Ultrasound-QBench: Can LLMs Aid in Quality Assessment of Ultrasound Imaging?
Journal:
arXiv
Published Date:
Jan 6, 2025
Abstract
With the dramatic upsurge in the volume of ultrasound examinations,
low-quality ultrasound imaging has gradually increased due to variations in
operator proficiency and imaging circumstances, imposing a severe burden on
diagnosis accuracy and even entailing the risk of restarting the diagnosis in
critical cases. To assist clinicians in selecting high-quality ultrasound
images and ensuring accurate diagnoses, we introduce Ultrasound-QBench, a
comprehensive benchmark that systematically evaluates multimodal large language
models (MLLMs) on quality assessment tasks of ultrasound images.

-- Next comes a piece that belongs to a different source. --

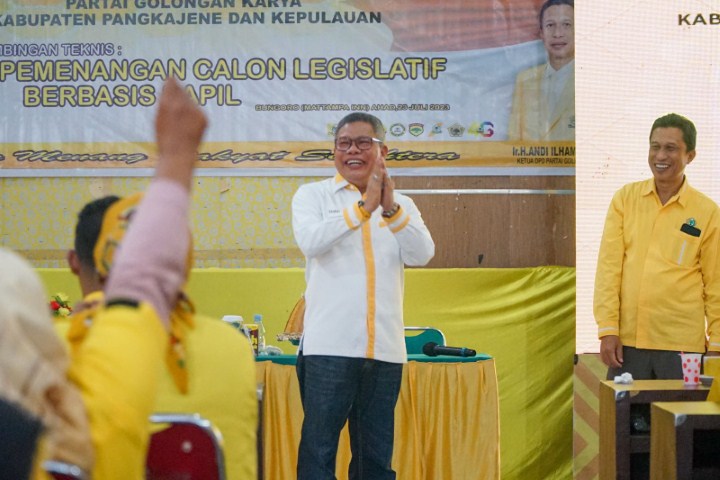 IST PERINTAH--Ketua DPD I Golkar Sulsel Taufan Pawe menyapa kader partai sebelum melaksanakan umroh (kanan), Andi Ina Kartika menerima surat perintah dari Airlangga Hartarto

Ultrasound-QBench establishes two datasets collected from diverse sources:
IVUSQA, consisting of 7,709 images, and CardiacUltraQA, containing 3,863
images. These images encompassing common ultrasound imaging artifacts are
annotated by professional ultrasound experts and classified into three quality
levels: high, medium, and low. To better evaluate MLLMs, we decompose the
quality assessment task into three dimensionalities: qualitative
classification, quantitative scoring, and comparative assessment. The
evaluation of 7 open-source MLLMs as well as 1 proprietary MLLMs demonstrates
that MLLMs possess preliminary capabilities for low-level visual tasks in
ultrasound image quality classification. We hope this benchmark will inspire
the research community to delve deeper into uncovering and enhancing the
untapped potential of MLLMs for medical imaging tasks.